Xavier’s advice from the Quora post on ‘How Do I Learn Machine Learning?’: “Get a good ML book (his list shown in next paragraph), read the first intro chapters, and then jump to whatever chapter includes an algorithm you are interested in. Once you have found that algo, dive into it, understand all the details, and, especially, implement it…here I am talking about implementing an algorithm from scratch in a “real” programming language. You can still start with an easy one such as L2-regularized logistic regression, or k-means, but you should also push yourself to implement more interesting ones such as latent dirichlet allocation or SVMs.”
Xavier’s book suggestions: The Elements of Statistical Learning by Hastie, Tibshirani and Friendman, Pattern Recognition and Machine Learning by Bishop, Bayesian Reasoning and Machine Learning by Barber, Machine Learning: A Probabilistic Perspective by Murphy and All of Statistics: A Concise Course in Statistical Inference by Wasserman.
Raviteja Chirala
Chirala says he is an author, data scientist and avid programmer. From his Quora posts he also really, really likes soccer! He is currently a ‘data geek’ at Centro and previously was a data scientist at Ayasdi, salesforce.com and a Big Data Engineer at Apple.
Chirala’s advice from the Quora post on ‘How Do I learn Machine Learning?’: “Get scikit-learn or respective framework in the programming language you chose. Run algorithms for every chapter in Joel Grus’ Data Science from Scratch: First Principles with Python. Advantage with Scikit is it gives you some sample data too to test. Get a grip on statistics (academic discipline) and probability. Communities in Quora or Kaggle exercises, etc. will help you in getting up to speed. Also, you can get this book, The Elements of Statistical Learning by Hastie, Tibshirani and Friendman (also recommended by Amatriain). I haven’t seen anyone disappointed with this one. It’s a bit of math but self explanatory mostly.”
Sean McClure
McClure describes himself as the Founder of Kedion, PhD, Builder and host of NonTrivial Podcost. McLure says Kedion builds AI solutions for organizations looking to leverage their data for machine learning/AI applications. He previously was with Accenture as a Senior Manager in AI, Director of Data Science at Doximity and Space-Time Insight, and Senior Data Scientist at ThoughtWorks. He worked as a Research Associate for five years for the Canadian National Institute for Nanotechnology.

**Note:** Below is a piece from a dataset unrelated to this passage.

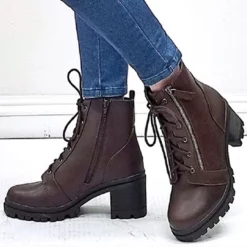 WMNS Double Zipper And Lace Front Leather Boots - Chunky Mid High Heel -SHOE TALK SELECTION 4 27
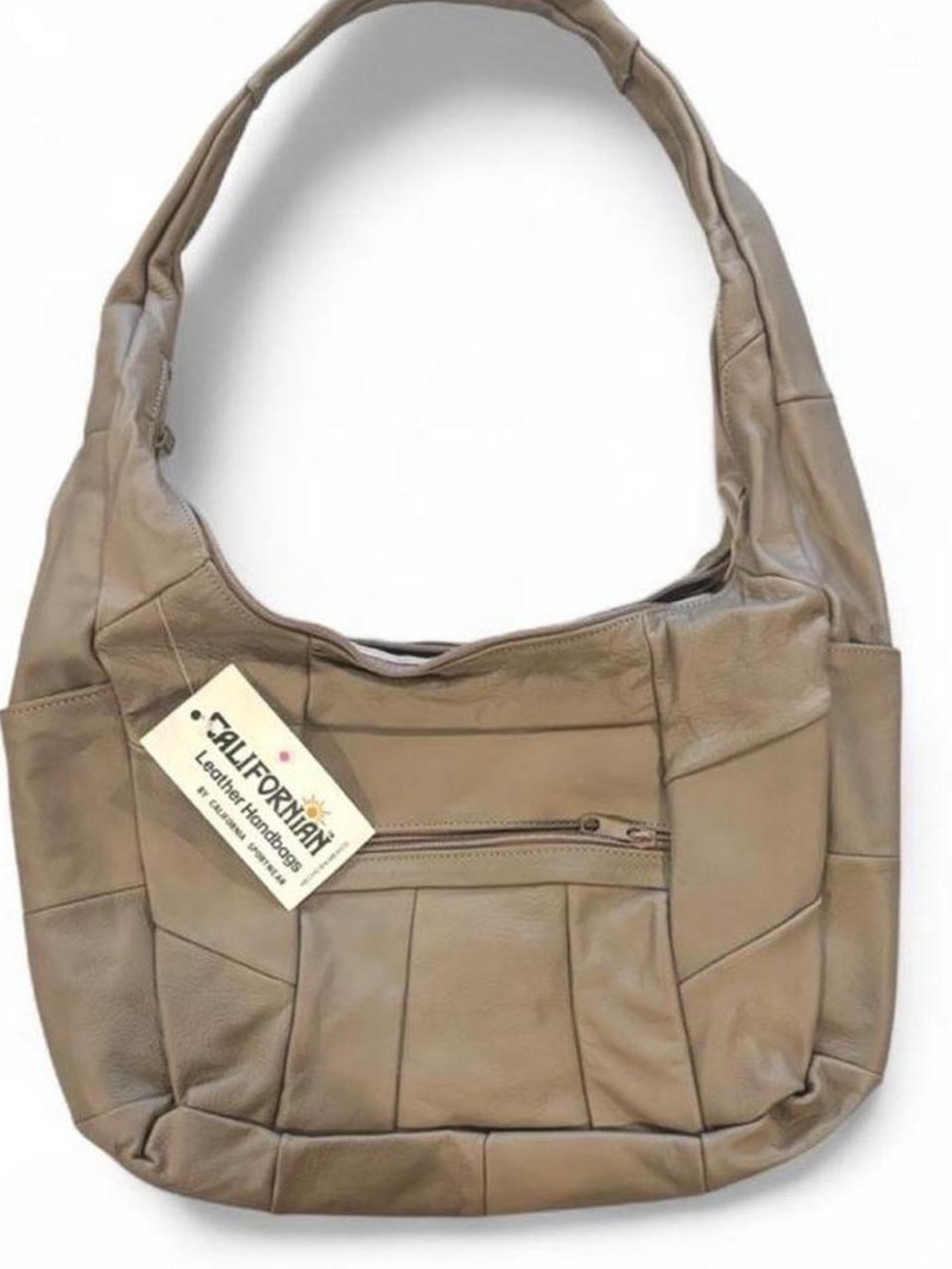 Californian Leather Hobo Bag in Taupe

McClure’s advice from the Quora post on ‘How Do I Learn Machine Learning?’: “It is easy to get lost in all the languages and technologies that allow one to practice machine learning on real-world data. They allow us to execute our ideas and build our models. When integrated into real applications they engender software with the ability to learn and distill high-dimensional problems down to focused results. But languages and technology come and go. Knowing R or Python really well might amount to building a model faster or allow you to integrate it into software better, but it says nothing about your ability to choose the right model, or build one that truly speaks to the challenge at hand. The art of being able to do machine learning well comes from seeing the core concepts inside th algorithms and how they overlap withi the pain points trying to be addressed. Great practitioners start to see interesting overlaps before ever touching a keyboard.”
McClure recommends Building Machine Learning Systems with Python by Richert and Coelhos, Machine Learning with Spark by Pentreath and Learning from Data by Abu-Mostafa, Magon-Ismail and Lin.
Mayo reinforces McClure’s recommendation of the site www.datasciencetechnology.com. Mayo says it has top level categories such as learning algorithms, databases, data cleaning and languages as well as a broad and deep ontology of data science terms that are presented and explained with links to relevant resources.
KDNugget.com has a curated list of free data science books, collections of top data science materials and a large number of advice posts and tutorials if you are looking for more information to broaden and deepen your skill set.